A UMAR e o(s) feminismo(s): parte III
[Continuação da entrevista à vice-presidente da União de Mulheres Alternativa e Resposta (UMAR), Maria José Magalhães.]
3. A fundadora do Movimento da Libertação das Mulheres, Maria Teresa Horta, sustenta que uma feminista, hoje, “tem de ser muito mais criativa e ousada, maleável sem quebrar, implacável sem ter que chegar ao braço de ferro”. Como é que a UMAR interpreta esta afirmação?
M.J.Magalhães: Maria Teresa Horta é e será sempre uma fonte de inspiração para mim e para a UMAR. Digo-lhe que já reflecti muitas vezes sobre esta frase de MTH, que ela proferiu no I Encontro sobre o Movimento Feminista organizado em Lisboa pela UMAR.

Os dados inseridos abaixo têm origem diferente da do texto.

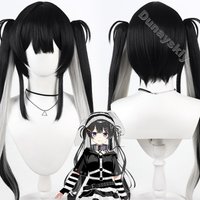 Jirai Kei Black White Gradient Split Twin Tail Vtuber Cosplay Wig Split Detachable Ponytail Harajuku Lolita Cos Hair Halloween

Criativa, é verdade: não há para as feministas nenhum manual para o nosso activismo. As formas de activismo político dos outros movimentos sociais (por exemplo, dos trabalhadores) não nos servem, por diversas razões (até desenvolvi isso na minha tese de doutoramento): 1º, não dá muito fazer manifestações, porque as mulheres não se mobilizam muito para fazer manifestações e algumas delas não gostam mesmo nada dessa forma de activismo; 2º as mulheres pertencem a diversas classes sociais, diversas etnias, diversos partidos políticos, diversas ONG’s, diversas orientações sexuais… por isso, temos que arranjar formas criativas de fazer ouvir a nossa voz e de unir o maior número de mulheres em torno da necessidade de mudar as formas que ainda nos discriminam; 3º pensar uma sociedade assente na igualdade de género, o que já foi considerado querer um mundo ao contrário, exige muita criatividade para podermos conceptualizar a mudança: quem pensaria, no princípio do séc. XX que Mary Robinson pudesse vir a ser presidente da Irlanda? Ou que Maria de Lourdes Pintasilgo pudesse vir a ser primeira-ministra de Portugal? Ou que as mulheres pudessem vir a ser juízas ou astronautas? Que heresia!?
Ousada, também. Se não ousarmos, como poderemos pensar que outro mundo é possível?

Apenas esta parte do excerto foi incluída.